Inflasi Gerus Daya Beli, Akademisi Bagikan Kunci Mengamankan Masa Depan Finansial

  • 26 Jul 2026 16:39 WIB
  •  Meulaboh

RRI.CO.ID, Meulaboh - Kemampuan mengelola keuangan menjadi salah satu kunci utama dalam menghadapi tantangan ekonomi di tengah inflasi dan perubahan gaya hidup masyarakat. Hal tersebut disampaikan Dosen Ekonomi Syariah STAI Darul Hikmah Aceh Barat, Arizul Suwar, M.Pd., dalam program Dialog Interaktif Inflasi dan Investasi RRI Meulaboh, Rabu 22 Juli 2026.

Menurut Arizul, inflasi menyebabkan daya beli masyarakat terus menurun dari waktu ke waktu. Nilai uang secara nominal memang tetap, namun kemampuan membeli barang dan jasa semakin berkurang.

“Dulu uang Rp10.000 bisa membeli banyak kebutuhan. Sekarang dengan nominal yang sama, barang yang didapat jauh lebih sedikit. Itu salah satu dampak inflasi yang harus dipahami masyarakat,” ujarnya.

Ia menjelaskan, permasalahan keuangan keluarga sering kali bukan hanya disebabkan oleh kecilnya pendapatan, tetapi juga karena pengeluaran yang tidak terkontrol. Salah satu penyebab utama adalah perilaku konsumtif yang didorong tren dan gengsi.

“Ketika berbelanja, masyarakat perlu bertanya kepada diri sendiri, apakah ini kebutuhan atau hanya keinginan. Banyak pengeluaran terjadi karena ingin mengikuti tren, bukan karena kebutuhan,” katanya.

Arizul menilai pencatatan keuangan sederhana menjadi langkah efektif untuk menjaga stabilitas finansial keluarga. Dengan mencatat seluruh pemasukan dan pengeluaran, masyarakat dapat mengevaluasi kebiasaan belanja yang tidak diperlukan.

“Tidak perlu seperti akuntan. Catat saja secara sederhana. Dari situ kita bisa melihat uang habis ke mana dan apa yang perlu diperbaiki,” jelasnya.

Selain itu, ia mengingatkan masyarakat agar memiliki dana darurat dan membiasakan menyisihkan sebagian pendapatan untuk tabungan maupun investasi sesuai kemampuan.

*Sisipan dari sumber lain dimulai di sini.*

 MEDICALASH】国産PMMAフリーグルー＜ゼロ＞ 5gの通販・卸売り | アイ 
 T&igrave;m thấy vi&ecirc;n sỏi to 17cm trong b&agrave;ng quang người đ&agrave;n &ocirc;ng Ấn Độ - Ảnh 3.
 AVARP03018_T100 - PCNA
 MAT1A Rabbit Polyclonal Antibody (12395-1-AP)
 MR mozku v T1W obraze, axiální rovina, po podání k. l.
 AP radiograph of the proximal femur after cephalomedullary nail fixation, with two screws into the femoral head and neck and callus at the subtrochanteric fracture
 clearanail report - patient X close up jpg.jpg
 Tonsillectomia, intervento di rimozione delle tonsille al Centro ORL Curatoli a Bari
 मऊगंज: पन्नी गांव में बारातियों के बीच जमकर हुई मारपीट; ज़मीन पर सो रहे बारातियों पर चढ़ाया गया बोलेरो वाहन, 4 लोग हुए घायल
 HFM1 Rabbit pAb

Menurutnya, investasi tidak harus dimulai dengan modal besar. Menabung secara konsisten dan membeli aset seperti emas secara bertahap dapat menjadi pilihan untuk menjaga nilai uang dalam jangka panjang.

“Yang terpenting adalah manajemen keuangan. Ketika pengeluaran dapat dikendalikan, peluang untuk menabung dan berinvestasi akan semakin besar,” ucapanya.

google-preference

Rekomendasi Berita

Berita Terbaru Lainnya

Memuat berita terbaru.....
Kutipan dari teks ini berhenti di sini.